A Margem Equatorial também está em risco
A batalha pela Resex do Rio Formoso acontece em um cenário nacional de alerta para a destruição dos manguezais. Na chamada Margem Equatorial — uma faixa que vai do Oiapoque (AP) ao Rio Grande do Norte —, ambientalistas e cientistas denunciam há anos os riscos da exploração de petróleo. A região concentra 80% dos manguezais do Brasil, que estocam 1,5 bilhão de toneladas de CO₂ e sustentam a maior faixa contínua desse ecossistema no planeta.
Mesmo assim, em junho deste ano, o governo leiloou 34 blocos de exploração de petróleo, incluindo 19 na bacia da Foz do Amazonas. Isso apesar do Ibama já ter negado, em 2023, uma licença à Petrobras por falta de garantias ambientais.
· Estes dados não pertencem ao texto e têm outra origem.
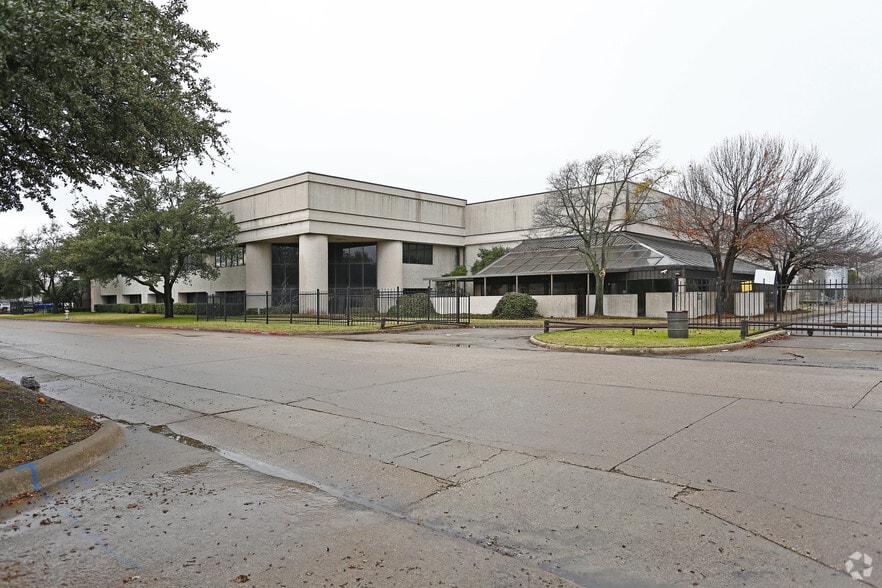 11333 Pagemill Rd, Dallas, TX for lease - Building Photo - Image 1 of 12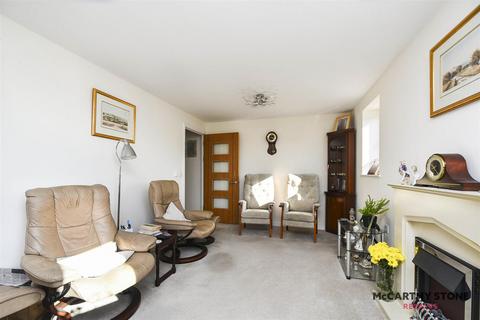 1 bedroom apartment for sale, Blunsdon Court, Lady Lane, Swindon, SN25 2NA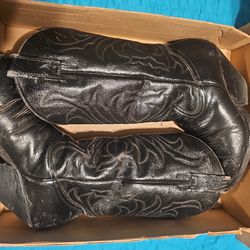 Amazonas Black Cuban Heel Boots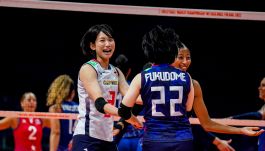 Reprezentacja Japonii siatkarek miała wygrać medal, a błyskawicznie odpadła. Do tego traci liderkę, Sarinę Kogę (fot. Getty)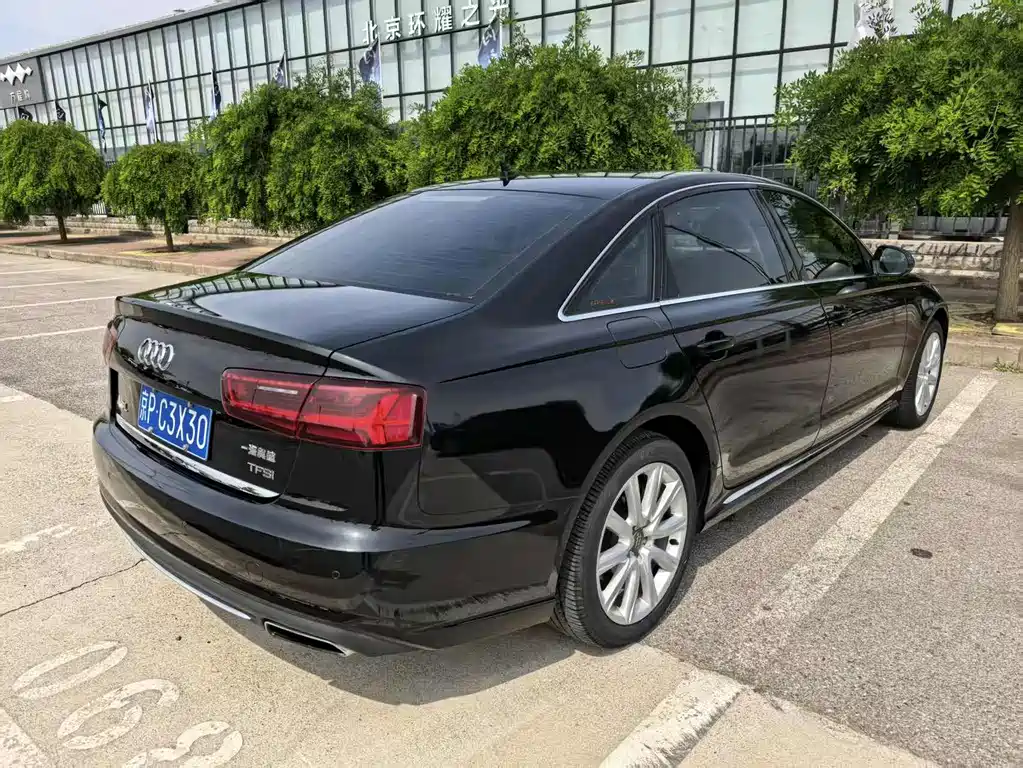 Audi A6L 2017 — фото 6
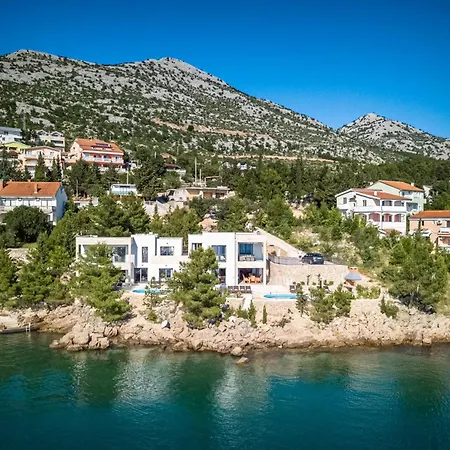 Neptune Villa Starigrad Paklenica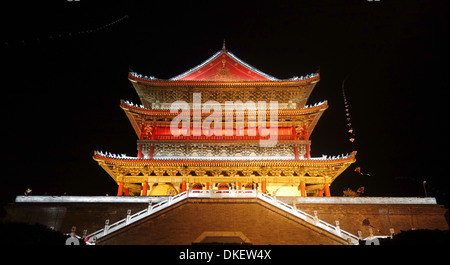 Vista notturna della Torre del Tamburo in Xian Foto Stock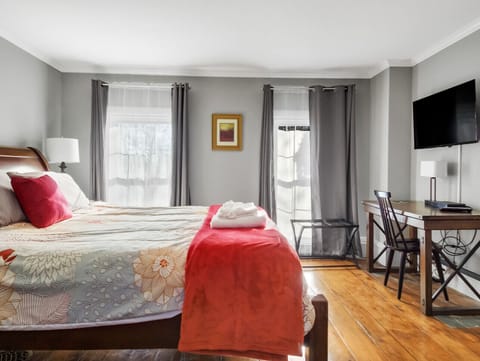 American Eagle | Desk, iron/ironing board, free WiFi, bed sheets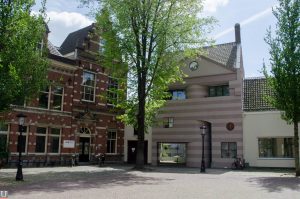 Pieterskerkhof, Van Schijndelhuis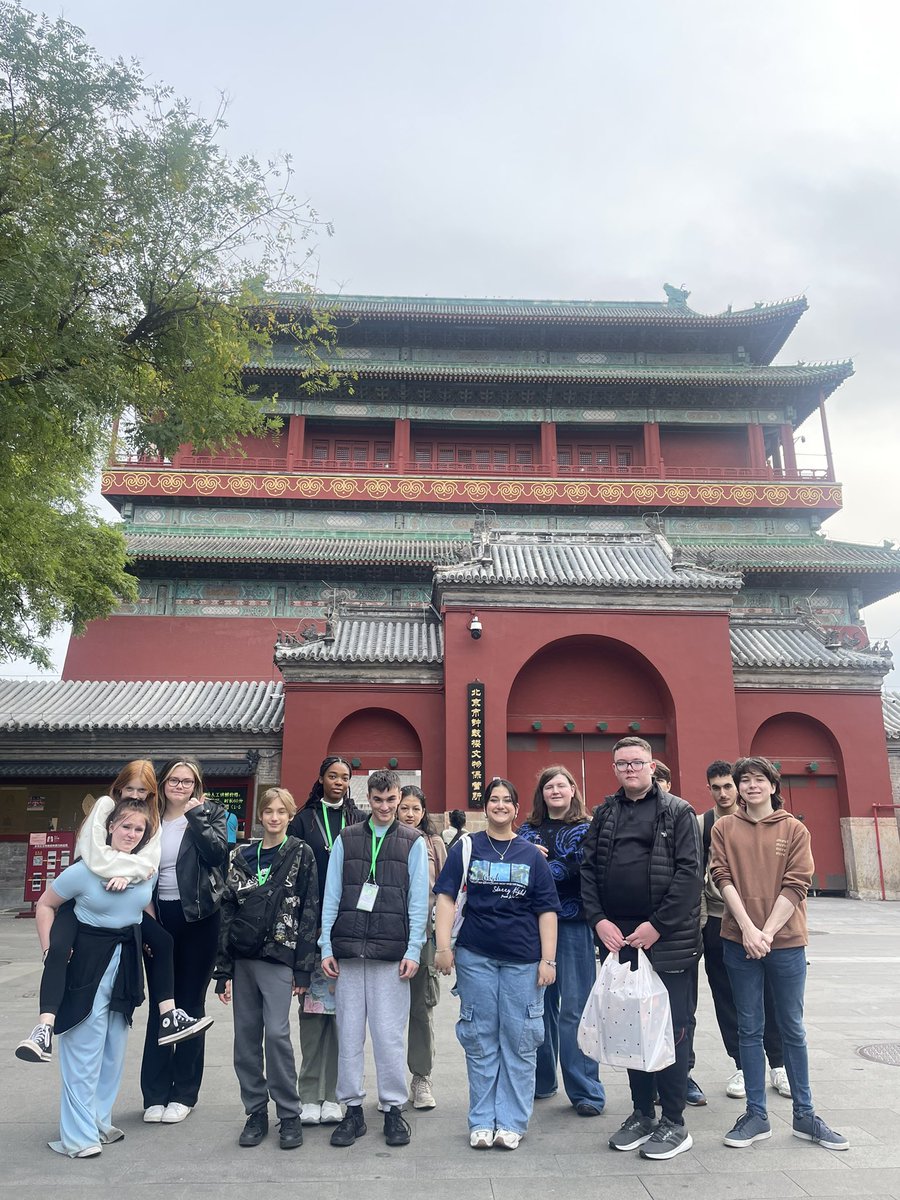 MissWalkerlangs's tweet photo. @CastlebraeCCC Beijing 2024 🇨🇳Arrived last night and spent today exploring Beijing’s ancient centre - Hutong’s 南锣鼓巷 and the lake 后海! What an unbelievable opportunity for these young people thanks to @SwireCentreEdin funding and donations from @JMATrust and @DniproKids 🤩 https://t.co/d8ZJXjI2v1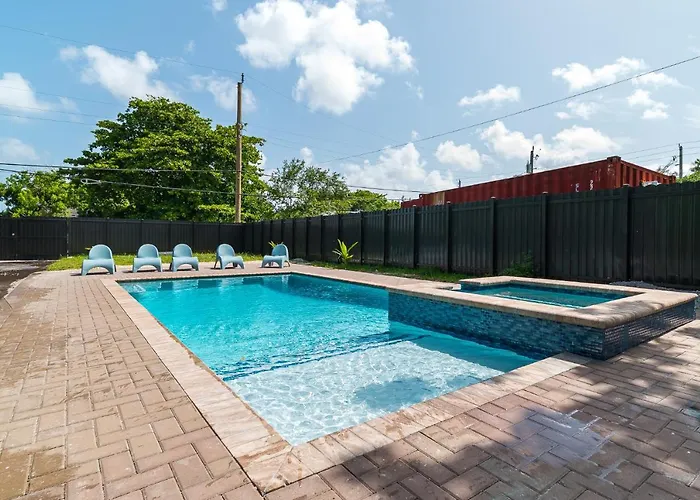 Pool Boutique Villa By The Beach 1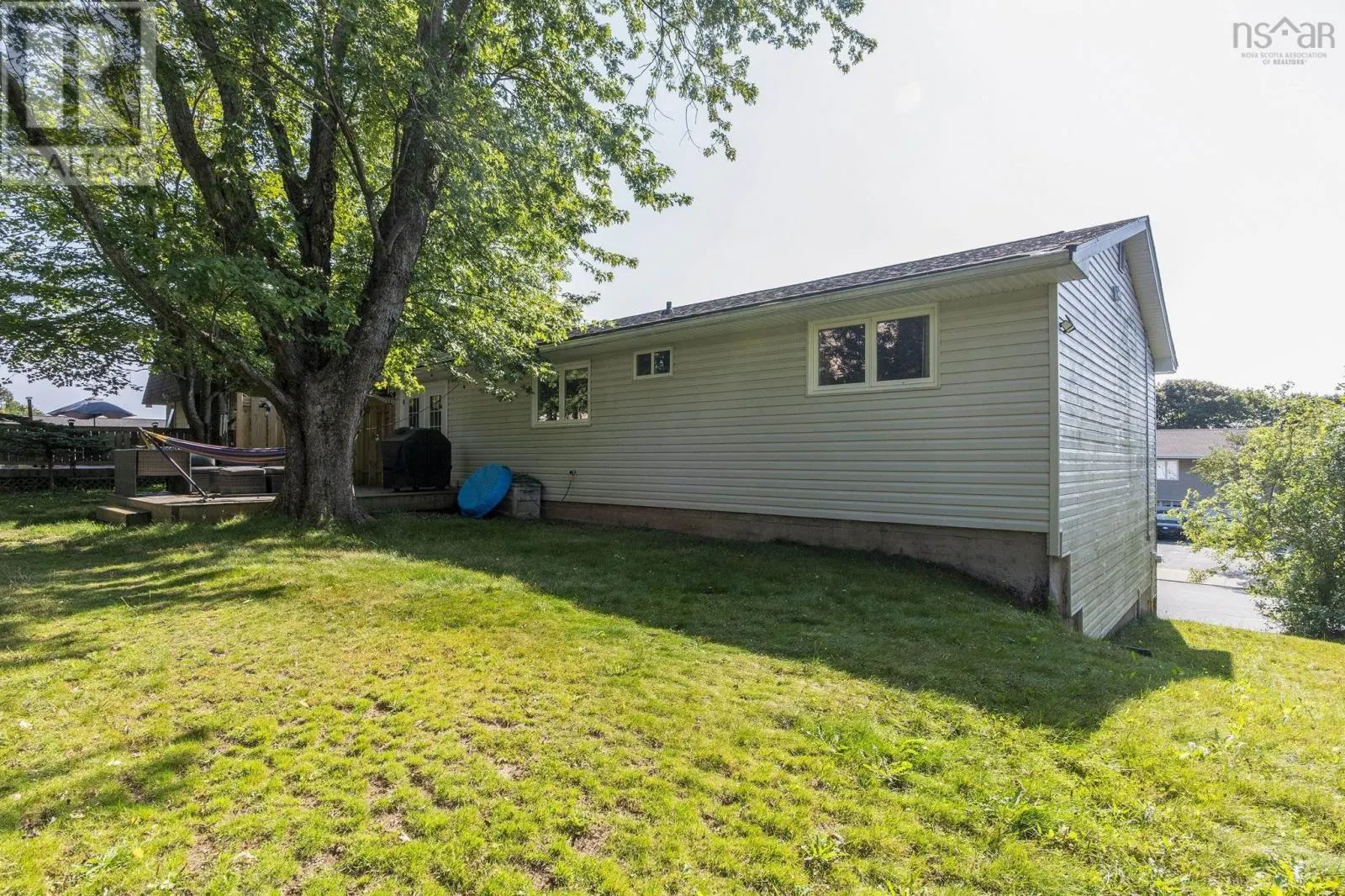98 Collins Grove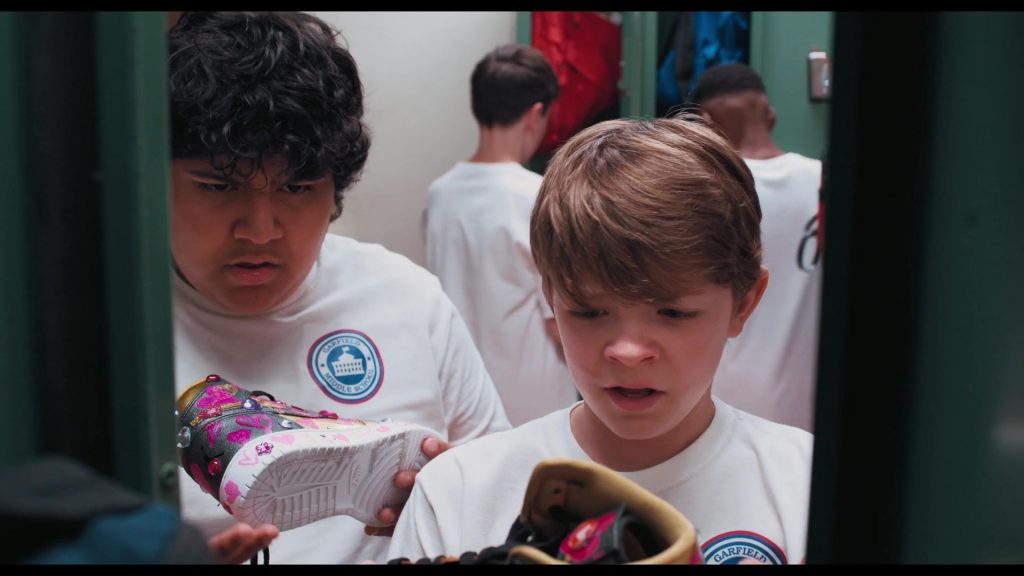 Nike Jordan Sneakers of Oakes Fegley as Peter Decker in The War with Grandpa (2020) (Image 4)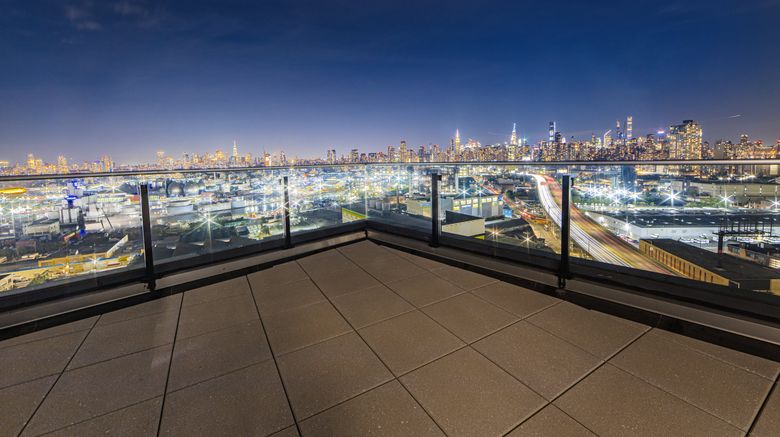 <b>Holiday Inn Exp Long Island City Meeting</b>. Images powered by <a href="https://www.leonardoworldwide.com/" title="Leonardo Worldwide" target="_blank">Leonardo</a>.
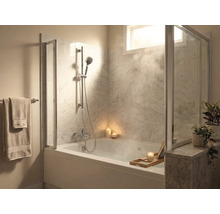 Helles Badezimmer mit Badewanne, Duschabtrennung und Handtüchern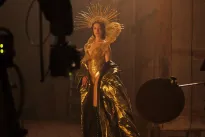 Anne Hathaway září v psychosexuální popové jízdě. Mother Mary má provokativní trailer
“O correto seria interromper qualquer avanço em direção à exploração de petróleo na Amazônia. É um contrassenso devastar um ecossistema que ajuda a salvar o clima para extrair um combustível fóssil que o destrói”, alerta Nicole Figueiredo de Oliveira, diretora-executiva da ARAYARA.
Os manguezais, além de capturar carbono, purificam as águas costeiras, sustentam a biodiversidade marinha e garantem a segurança alimentar e territorial de milhares de comunidades. Sem eles, não há peixe, não há marisco, não há defesa contra o mar.